Bush used the press conference to speak forcefully to Israel: "Israel should not undertake any activity that contravenes Road Map obligations or prejudice final status negotiations with regard to Gaza, the West Bank and Jerusalem. Therefore, Israel must remove unauthorized outposts and stop settlement expansion. The barrier being erected by Israel as a part of its security effort must be a security, rather than political, barrier. And its route should take into account, consistent with security needs, its impact on Palestinians not engaged in terrorist activities. As we make progress toward security, and in accordance with the Road Map, Israeli forces should withdraw to their positions on September the 28th, 2000. Any final status agreement must be reached between the two parties, and changes to the 1949 Armistice lines must be mutually agreed to. A viable two-state solution must ensure contiguity of the West Bank, and a state of scattered territories will not work. There must also be meaningful linkages between the West Bank and Gaza. This is the position of the United States today, it will be the position of the United States at the time of final status negotiations."

In referring to Israel's Road Map commitments, Bush ignored the fact that the Israeli Government attached 14 reservations to its acceptance of the plan. Two years ago, on May 25, 2003, the Cabinet resolved at the end of a stormy six-hour meeting that "the implementation of the Road Map plan will take place contingent upon the 14 comments that Israel submitted to the Americans."

Though Sharon himself said at the time that these are "red lines beyond which we cannot and will not withdraw," he does not mention them in his public references to the Road Map plan.

Among the reservations are the following points: "There must be no terrorism during the process. The Palestinians will dismantle the existing security organizations and will form new organizations to combat terror, violence and incitement. Full performance will be a condition for progress between phases and for progress within phases. The first condition for progress will be the complete cessation of terror, violence and incitement. Progress between phases will come only following the full implementation of the preceding phase."

In addition to Ehud Olmert, the Prime Minister’s Office also issued a calming message today (Friday). "The Palestinians received no new promises, and nothing was said that harms Israel," it said.

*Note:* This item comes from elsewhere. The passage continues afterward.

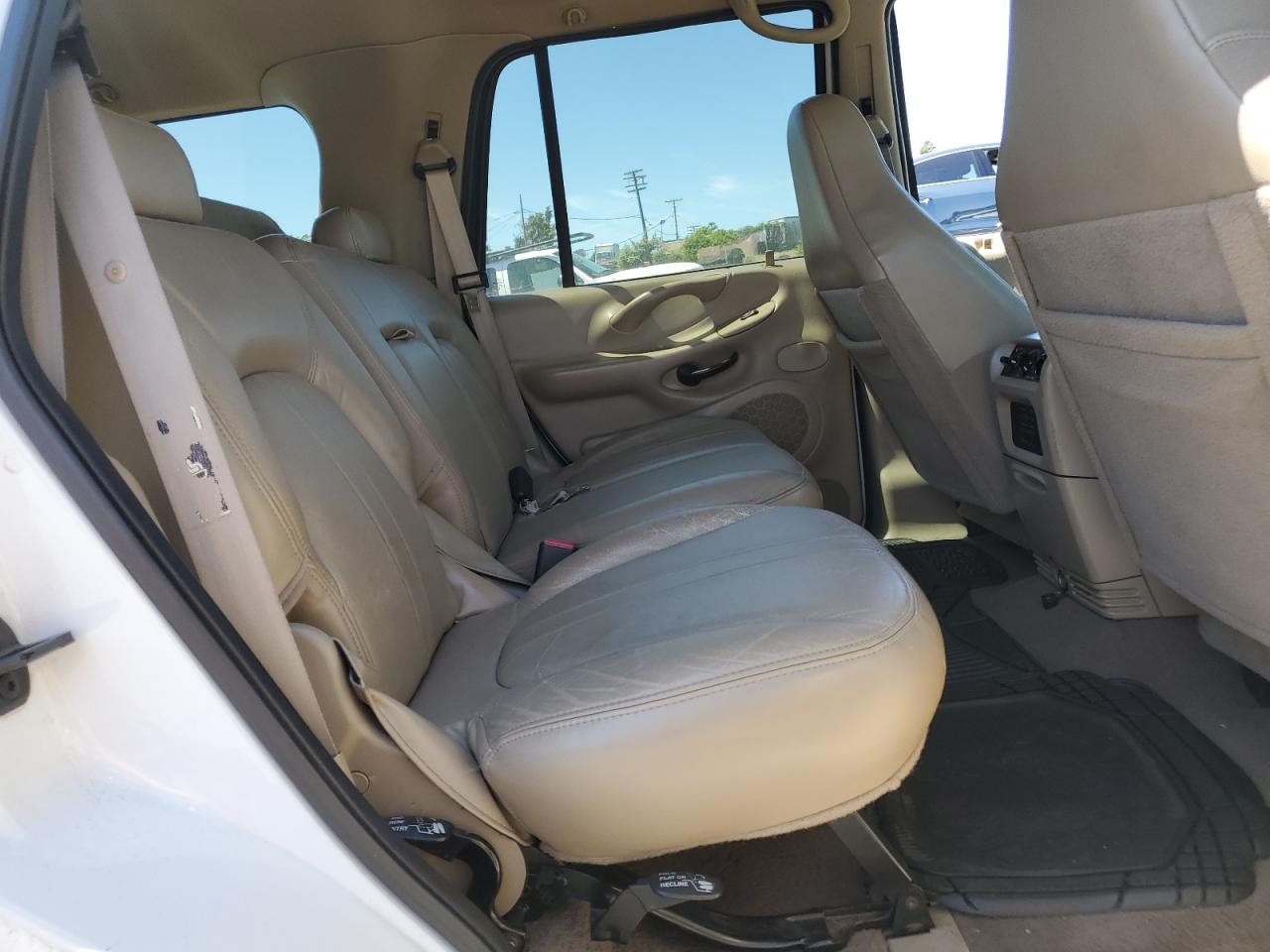 2001 Ford Expedition Eddie Bauer VIN: 1FMFU18L31LA98410 Lot: 56282365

Olmert said that the U.S. has always supported territorial contiguity for a PA state, but that in any event, "we cannot begin negotiations on the Road Map Plan before terrorism stops totally, democracy comes and the incitement ends." This appeared to contradict Bush's demands as expressed yesterday.

Bush also said he had asked his Secretary of State Condoleeza Rice to travel to Jerusalem and Ramallah "before the beginning of the Israeli withdrawal [to] consult with Israelis and Palestinians on the disengagement, their shared commitments and the way back on the Road Map."

The Bush-Abbas meeting was their second in 18 months, and the first time a PA Chairman has visited the White House since Arafat met the outgoing Bill Clinton in January 2001.